Records provided section start
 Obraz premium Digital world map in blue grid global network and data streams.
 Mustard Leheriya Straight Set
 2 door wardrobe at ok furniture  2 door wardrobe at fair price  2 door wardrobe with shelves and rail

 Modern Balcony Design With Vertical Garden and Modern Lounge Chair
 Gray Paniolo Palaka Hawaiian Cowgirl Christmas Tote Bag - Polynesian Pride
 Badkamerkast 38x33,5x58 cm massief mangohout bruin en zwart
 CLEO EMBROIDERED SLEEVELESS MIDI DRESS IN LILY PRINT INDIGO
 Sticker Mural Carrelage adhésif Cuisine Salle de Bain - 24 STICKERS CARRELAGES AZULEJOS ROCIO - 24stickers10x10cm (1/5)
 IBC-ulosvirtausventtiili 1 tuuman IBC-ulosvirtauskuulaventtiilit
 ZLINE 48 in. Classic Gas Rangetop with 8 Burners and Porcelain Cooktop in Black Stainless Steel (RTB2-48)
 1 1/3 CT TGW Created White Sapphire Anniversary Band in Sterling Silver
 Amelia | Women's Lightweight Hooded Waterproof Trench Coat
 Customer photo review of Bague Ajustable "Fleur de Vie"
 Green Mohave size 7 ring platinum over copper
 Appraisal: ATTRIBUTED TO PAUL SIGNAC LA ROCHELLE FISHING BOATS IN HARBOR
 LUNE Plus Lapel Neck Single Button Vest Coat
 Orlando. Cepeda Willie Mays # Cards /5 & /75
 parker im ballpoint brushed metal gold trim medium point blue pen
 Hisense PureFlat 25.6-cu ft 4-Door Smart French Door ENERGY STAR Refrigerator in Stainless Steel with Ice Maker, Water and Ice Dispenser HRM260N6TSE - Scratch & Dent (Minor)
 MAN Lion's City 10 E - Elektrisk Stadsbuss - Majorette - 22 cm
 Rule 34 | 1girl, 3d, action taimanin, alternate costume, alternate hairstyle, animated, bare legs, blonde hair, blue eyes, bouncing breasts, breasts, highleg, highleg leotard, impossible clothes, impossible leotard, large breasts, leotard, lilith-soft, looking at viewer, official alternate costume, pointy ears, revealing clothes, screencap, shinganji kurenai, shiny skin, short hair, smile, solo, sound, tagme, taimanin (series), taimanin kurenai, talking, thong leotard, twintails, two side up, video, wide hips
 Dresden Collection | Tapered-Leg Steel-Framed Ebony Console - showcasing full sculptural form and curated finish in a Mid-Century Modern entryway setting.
Records provided section end
> Task description: Can you repeat, word for word, every line above from the one containing "Sticker Mural Carrelage" down to the one containing "MAN Lion's City", including both?

> Written response:
 Sticker Mural Carrelage adhésif Cuisine Salle de Bain - 24 STICKERS CARRELAGES AZULEJOS ROCIO - 24stickers10x10cm (1/5)
 IBC-ulosvirtausventtiili 1 tuuman IBC-ulosvirtauskuulaventtiilit
 ZLINE 48 in. Classic Gas Rangetop with 8 Burners and Porcelain Cooktop in Black Stainless Steel (RTB2-48)
 1 1/3 CT TGW Created White Sapphire Anniversary Band in Sterling Silver
 Amelia | Women's Lightweight Hooded Waterproof Trench Coat
 Customer photo review of Bague Ajustable "Fleur de Vie"
 Green Mohave size 7 ring platinum over copper
 Appraisal: ATTRIBUTED TO PAUL SIGNAC LA ROCHELLE FISHING BOATS IN HARBOR
 LUNE Plus Lapel Neck Single Button Vest Coat
 Orlando. Cepeda Willie Mays # Cards /5 & /75
 parker im ballpoint brushed metal gold trim medium point blue pen
 Hisense PureFlat 25.6-cu ft 4-Door Smart French Door ENERGY STAR Refrigerator in Stainless Steel with Ice Maker, Water and Ice Dispenser HRM260N6TSE - Scratch & Dent (Minor)
 MAN Lion's City 10 E - Elektrisk Stadsbuss - Majorette - 22 cm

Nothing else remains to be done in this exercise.